The Socialists and Democrats (S&D) called on the European Commission and the European Investment Bank (EIB) to take more risks in order to boost the investment in Europe.

"Some major results have been achieved but we can and should do more," S&D group leader Gianni Pittella said.

"The financing has to be additional not a substitute. The EIB have to take higher risks and finance projects that would not have been financed without the investment plan," he added.

"We must ensure that the extension of the investment plan announced by the Commission will be serious and effective response to the economic and social crisis which is affecting Europe right now," he stressed.

However, MEPs from smaller groups were skeptical about its achievements to date.

European Liberals and Democrats (ALDE) have urged the investment plan to focus on the most innovative projects, stressing that investments alone are not enough to improve Europe's economy.

"We have to make sure that EFSI only funds truly innovative projects that would not have been funded anyway via other financial tools such as the Connected European Facility or Horizon 2020. The Commission needs to speed up and improve the quality of the projects to make the Juncker Plan a success," ALDE Vice-President Pavel Telicka said.

Sander Loones from the European Conservatives and Reformists group (ECR) suggested it was too early to assess the success of the EFSI and warned against "rushing in" with plans to extend investment into third countries.

European United Left, Nordic Green Left group (GUE/NGL) labeled the Juncker Plan as unfair and biased in favor of richer member states during their reaction to the midterm review.

Miguel Viegas said the ambitions were unrealistic and the plan had allowed large companies to dominate.

"There was no geographic coverage or criteria as to where these investments would go: just large companies dominating the private sector. Private management is being brought in over public services at the cost of development and focusing on profits for large multinationals over everything," said the Portuguese MEP.

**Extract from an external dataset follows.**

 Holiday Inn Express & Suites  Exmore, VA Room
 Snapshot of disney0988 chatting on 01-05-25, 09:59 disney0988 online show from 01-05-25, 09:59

"What we are seeing is that much of the money went to the wealthier and more developed regions of Europe. We are seeing fictitious results being broadcast and this public program of investment trampled upon in so many member states," he said.

Echoing those sentiments, Greek MEP and Vice-President of the European Parliament Dimitrios Papadimoulis said Katainen should take responsibility for the "unbalanced nature of the investments."

"The Juncker plan has to be focused on creating greater investment throughout Europe but particularly where there is the greatest poverty, the greatest unemployment and the greatest lack of investment," he stressed.

"We need to adapt this investment, apply it to the poorest regions, support the poorest and the SMEs," he said.

Philippe Lamberts, co-president of the Greens (Greens/EFA), called for more money for the plan and said it should focus on countries which lack investment and have most potential for renewable energy projects.

UKIP leader Nigel Farage from Europe for Freedom and Direct Democracy ((EFDD) called EU's investment plan a "pie in the sky."

"I think these grand projects that in many ways, are sowing the seeds of the end of this political project," he said.

Steeve Briois, MEP from Europe of Nations and Freedom Group (ENF), which is skeptical of European integration, described the EFSI as a "total failure."

He criticized that the plan had focused financing on large, urban areas which had aggravated regional disparities.

The investment plan aiming to bring investments back in line with historical trends was initiated by Juncker in November 2014. The plan was approved in June 2015 and the EFSI was launched immediately after.

The main feature is to use a fraction of the EU budget as a guarantee for EIB projects that would be riskier and more innovative than the usual ones. The European Commission predicted that these projects would generate a total of 315 billion euros of investment in three years through leverage and co-financing.